25 Feb 2016

Housing vote could have serious consequences, council warned

9:32 am on 25 February 2016

The leadership of the Auckland Council has suffered an unprecedented defeat that could leave the council unrepresented at crucial hearings on the future shape of housing in the city.

Mayor Len Brown at the Auckland Council debate over its proposals for zoning and density housing in the city.

Mayor Len Brown, centre, at the Auckland Council debate last night. Photo: RNZ / Diego Opatowski

A 13-8 vote at the end of a five-hour extraordinary council meeting last night dumped some of the changed proposals for increased housing density the council would have taken to an independent panel weighing up the city's Unitary Plan.

Opponents of the changes said property owners should have been consulted, but the council argued the government-designed Unitary Plan process did not allow it.

Look back at proceedings here.

The vote was a victory for a campaign run under the Auckland 2040 banner whose founders addressed a protest meeting of 700 in Kohimarama two weeks ago.

"I think it was a question of grass-roots democracy in action," said Auckland 2040 co-founder Richard Burton who watched the vote at the end of the meeting.

"We got a result and praise to the councillors for doing it, they see the need to consult with the public and that's what they are now going to do."
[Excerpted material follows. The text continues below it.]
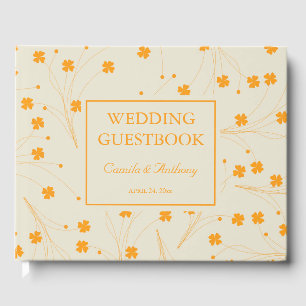 Livre D'or Motif à fleurs les années 70 beige orange rétro Y2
Aucklanders fill the Town Hall to air their views on zoning and high density proposals by the Council.

Aucklanders fill the Town Hall to air their views on zoning and high density proposals by the council. Photo: RNZ / Diego Opatowski

The lengthy meeting featured presentations from eight selected interest groups, both for and against withdrawing the council's beefed up density argument.

Instead, they voted by a similar margin to back a move put up by councillor Dick Quax for some of the higher density proposals to be withdrawn from council evidence to the independent panel.

But while supporters of Mr Quax's proposal were hailing a victory for democracy and natural justice, senior council staff and politicians said the move had serious consequences.

"I don't think councillors have any idea of the impact of the decision they've made," said deputy mayor Penny Hulse who led the four-year process of creating the 30-year development blueprint.

"We got sound legal advice which says this retraction of our evidence was almost undoable, and left us in the position of having no say in the panel process."

"People might regard that as a good outcome, I think it leaves most of our community stranded," she said.

Prior to the vote, the council would have spent two months taking part in the discussion of thousands of submissions on residential zonings being considered by the government-appointed panel.

The panel effectively finalises the Unitary Plan, then passes it back to the council in July for it to accept or reject.

After the meeting, Mayor Len Brown conceded the outcome was a significant defeat for his leadership.

Mr Brown acknowledged that getting the Unitary Plan in place was the biggest task set by the government when the council was created in 2010.

He said the Minister for Building and Housing Nick Smith would probably be disappointed at the vote "because the government is seeking as seamless a process as possible."

Dr Smith said this morning the the Unitary Plan process was still on track even though the council had thrown out its own evidence for the independent panel.

"What's being discussed here is simply what is in the Auckland Council submission to the independent panel," he told Morning Report.

"The independent panel ... still has to make those numbers stack up - that is, they have to deliver a Unitary Plan."

And Richard Burton, of Auckland 2040, said the council would still be involved in decision on more intensive housing.

Whether the council is cut out of the Unitary Plan hearings is not yet certain. The hearings panel has wide powers to summon witnesses and it is not known how it will respond to the vote.

Len Brown said the vote ended the role of politicians in the residential zoning debate until the hearings panel sent the recommended Unitary Plan back to the council in July.

He said there would be no further public input other than for existing submitters to the hearings.

Peter Jeffries, chief executive of community housing provider CORT, said the outcome was a setback to those struggling to afford a roof over their heads.

"We're going to get more expensive housing, both for new people wanting to get into first homes, but more importantly for the 50 percent of Aucklanders who rent."